* Task item
The line containing "Corry Ammerlaan Beeldje, ik" and every line after it, through the end of the records below, are to be reproduced exactly, with the pictures left out.

[Crawled caption data]
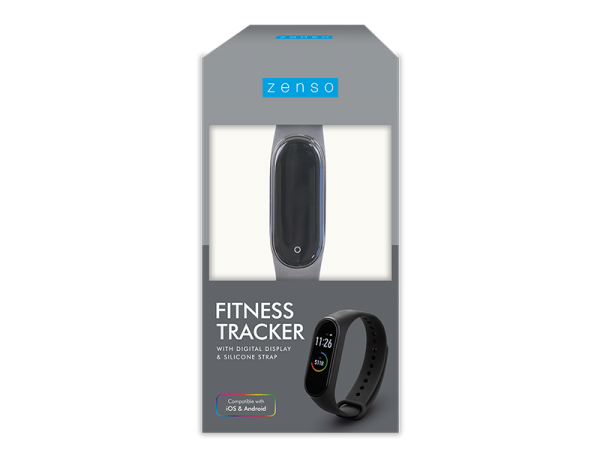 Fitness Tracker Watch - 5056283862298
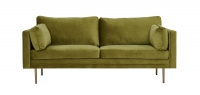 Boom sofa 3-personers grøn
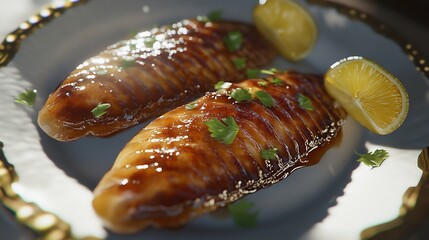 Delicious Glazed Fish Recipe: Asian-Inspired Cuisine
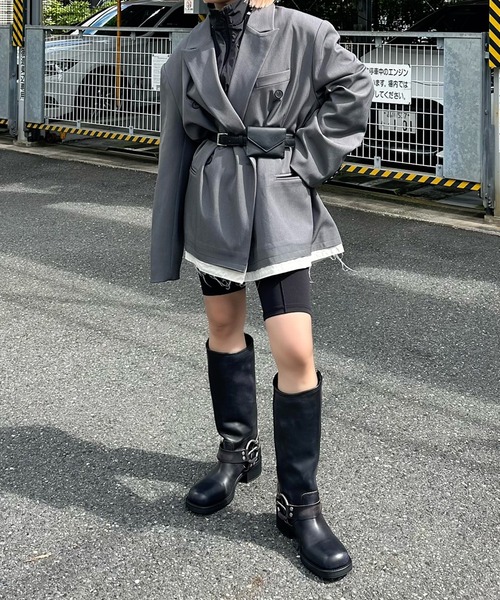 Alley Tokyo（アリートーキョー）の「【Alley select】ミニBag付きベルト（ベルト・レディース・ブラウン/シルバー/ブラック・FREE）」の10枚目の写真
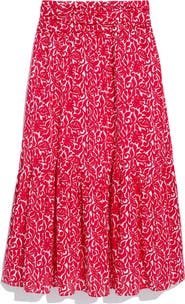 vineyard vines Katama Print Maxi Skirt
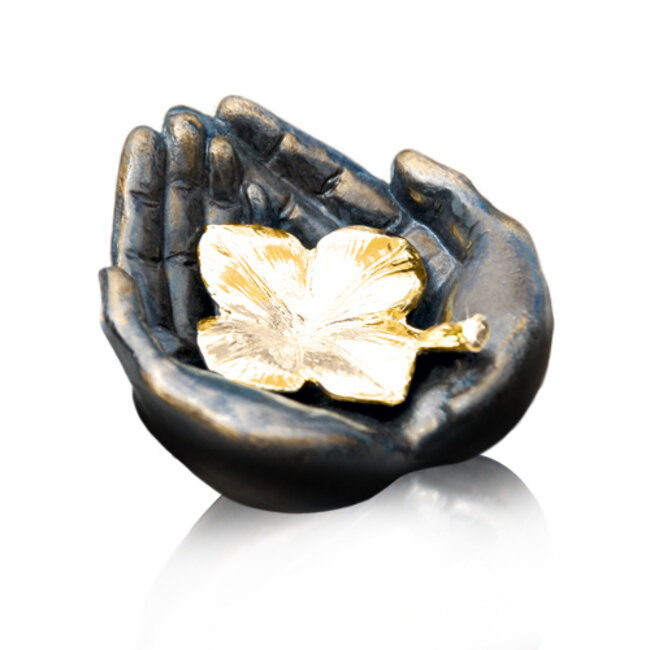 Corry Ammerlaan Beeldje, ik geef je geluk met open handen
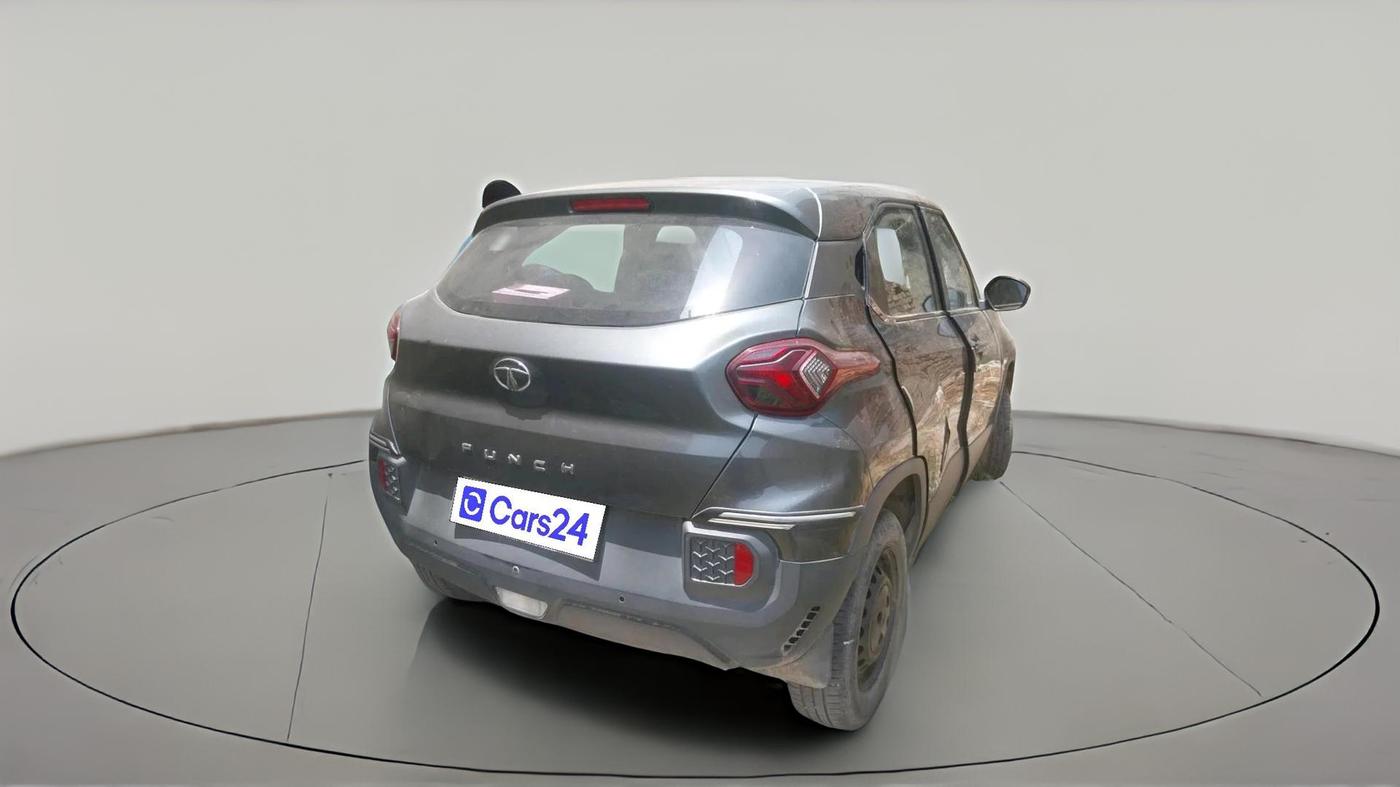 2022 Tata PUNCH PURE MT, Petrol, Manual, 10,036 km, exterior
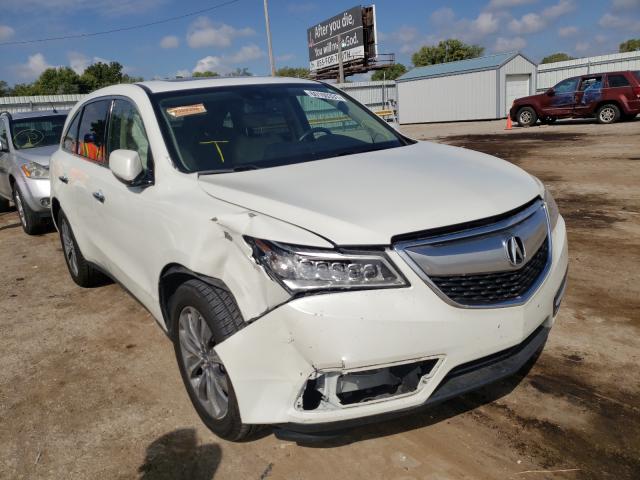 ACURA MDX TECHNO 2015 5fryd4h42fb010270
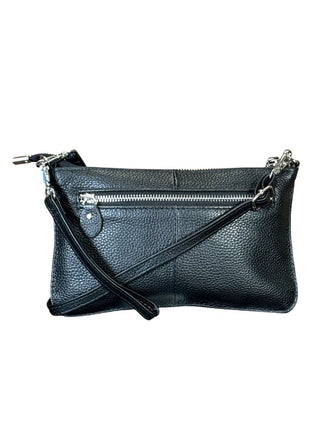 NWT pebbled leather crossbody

* Task solution
 Corry Ammerlaan Beeldje, ik geef je geluk met open handen
 2022 Tata PUNCH PURE MT, Petrol, Manual, 10,036 km, exterior
 ACURA MDX TECHNO 2015 5fryd4h42fb010270
 NWT pebbled leather crossbody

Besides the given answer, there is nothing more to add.